Now I run this code like down, but the result is wrong!

public class t2 {

static byte array[] = new byte[]{1, 2, 3, 4, 5, 6};

public void arrayshift(int count) {
    synchronized (array) {
        System.arraycopy(array, count, array, 0, array.length - count);
    }
}

public static void main(String[] args) {
    System.out.println("First array: " + Arrays.toString(array));
    new t2().arrayshift(2);
    System.out.println("After two shift is: " + Arrays.toString(array));
   }
}

Result:

First array: [1, 2, 3, 4, 5, 6]
After two shift is: [3, 4, 5, 6, 5, 6]

Upvotes: 2

Views: 951

Answers (4)

StoopidDonut
StoopidDonut

Reputation: 8617

To actually rotate there is an alternative way, by using Collections.rotate()

In your case, you can convert byte[] to Byte[], create a list of Bytes and rotate using Collections.rotate()

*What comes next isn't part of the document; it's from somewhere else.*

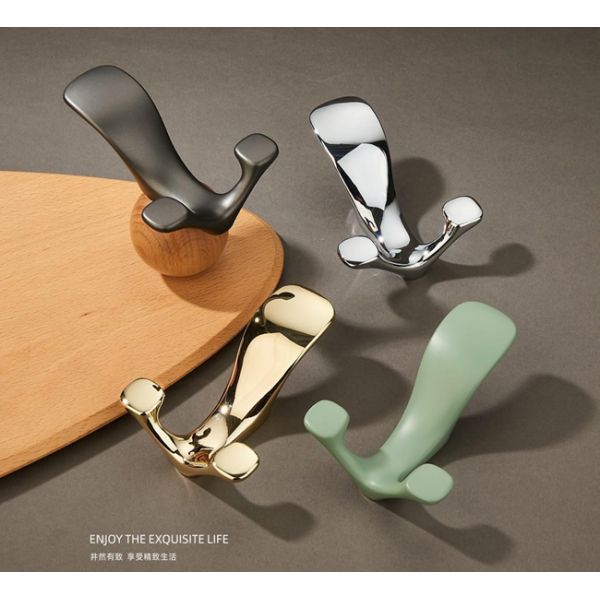 Modern Black Wall Mounted Hanger Hooks Zinc Coat Hooks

Below is a quick and dirty way of doing it, staying close to what you've done.

Your modified code:

static byte array[] = new byte[] { 1, 2, 3, 4, 5, 6 };
    static List<Byte> list = new ArrayList<Byte>();

    public static void main(String[] args) {
        System.out.println("First array: " + Arrays.toString(array));
        new Rotate().arrayshift(2);
        System.out.println("After two shift is: ");
        for (Byte b : list.toArray(new Byte[list.size()]))
            System.out.print(b.byteValue() + ", ");
    }

    public void arrayshift(int count) {
        synchronized (array) {
            Byte[] byteObjects = new Byte[array.length];
            int i = 0;
            for (byte b : array)
                byteObjects[i++] = b;
            list = Arrays.asList(byteObjects);
            Collections.rotate(list, count);
        }
    }

Output:

First array: [1, 2, 3, 4, 5, 6]
After two shift is: 
5, 6, 1, 2, 3, 4,

Upvotes: 1

user3171841
user3171841

Reputation: 44

It looks to be correct because the System.arraycopy takes 5 parameters as:

  1. Source array : array in your case
  2. Source position: in your case 2, i.e the 3rd element.
  3. Destination array: array in your case, source and destination array are same in ur case.
  4. Destination position: in your case, i.e start of the array.
  5. Length: how many elements to move, 6-2=4, i.e move from 3rd, 4th, 5th, 6th element to 0th, 1st, 2nd, 3rd, so 5th and 6th are not changed.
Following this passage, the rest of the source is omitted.